Alerting is one of the components of DevOps that allows stakeholders to easily observe important system events. Alerting is indispensable for modern DevOps teams due to the needs of continuous deployment of multiple applications composed of microservices. Alerting helps with reliability by informing us about the system at important states. That way we have confidence by having insight into the exact state of the system, and knowing when there are any issues that might be occurring, or could be imminent. Alerting systems can be configured to notify at the occurrence of specific system events (e.g. service down), or when thresholds of certain metrics are reached (e.g. 80% memory consumed). And notifications of such events can be connected various channels such as email, Instant Message, or even Text message on phones.
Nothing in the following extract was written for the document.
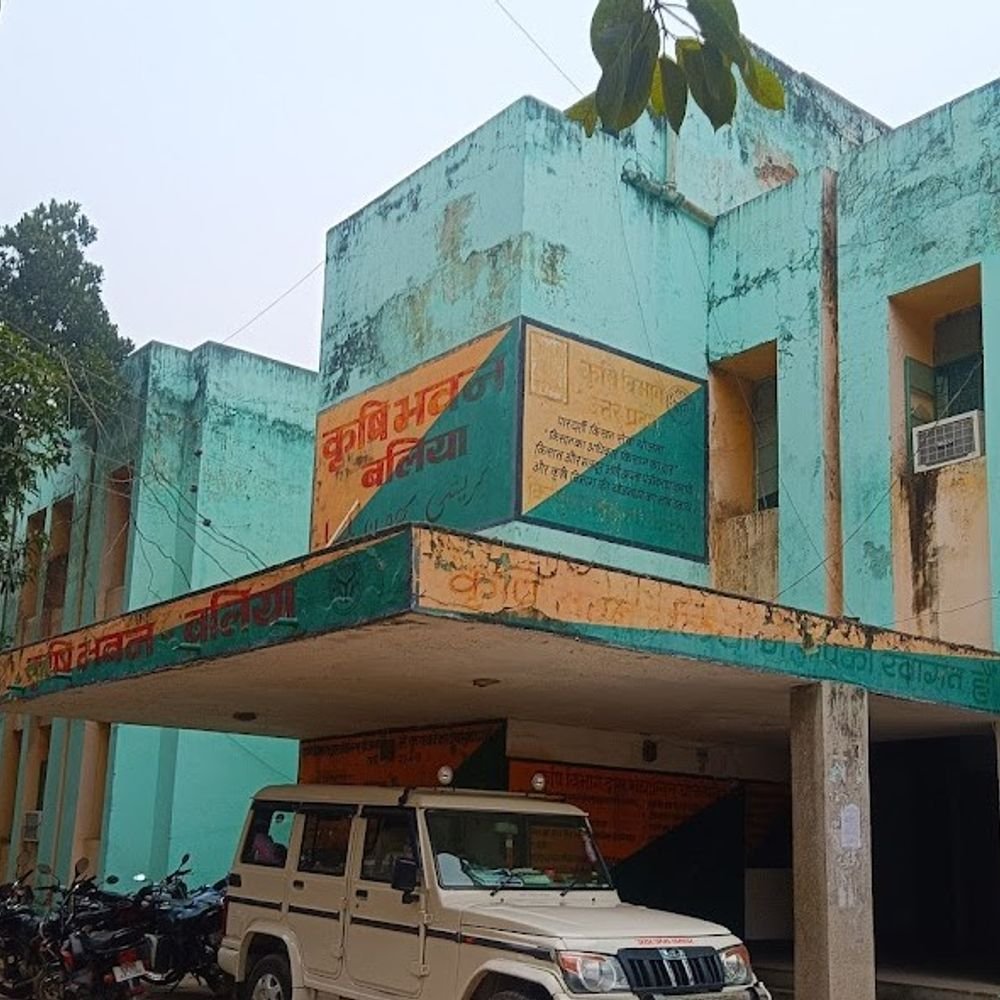 बलिया में कल मिलेट्स महोत्सव, व्यंजनों की प्रतियोगिता:होटल, रेस्टोरेंट, एफपीओ, स्वयं सहायता समूह और शेफ लेंगे हिस्सा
In this blog we will be exploring Stakater Chowkidar, an open-source Kubernetes controller which can be used for some specific alerting needs.
Chowkidar is an Urdu word for watchman, and generically Stakater Chowkidar is implemented to have configuration for certain actions to be performed on certain events in the kubernetes cluster. One of the current event-actions that Chowkidar supports and that we are going to discuss today is the notification on slack at the creation of a Pod without a resource request and limit defined.
Let us first take a look at what resource limit and requests are for containers and pods.
Container Resource limits
By default a container has no resource limits and can use as much of a resource as the host allows. The container can however be configured to set a limit to how much memory or CPU a container can use.
It is good practice to keep a limit on how much host memory a running container can consume. On linux, when there is a shortage of memory to perform important system functions the kernel kills processes to free up memory. Any process can be killed for this purpose, including Docker. Docker does try to adjust the priority of the docker daemon with respect to the out of memory exception however it does not do the same for containers. An individual container may therefore likely be killed in such an event.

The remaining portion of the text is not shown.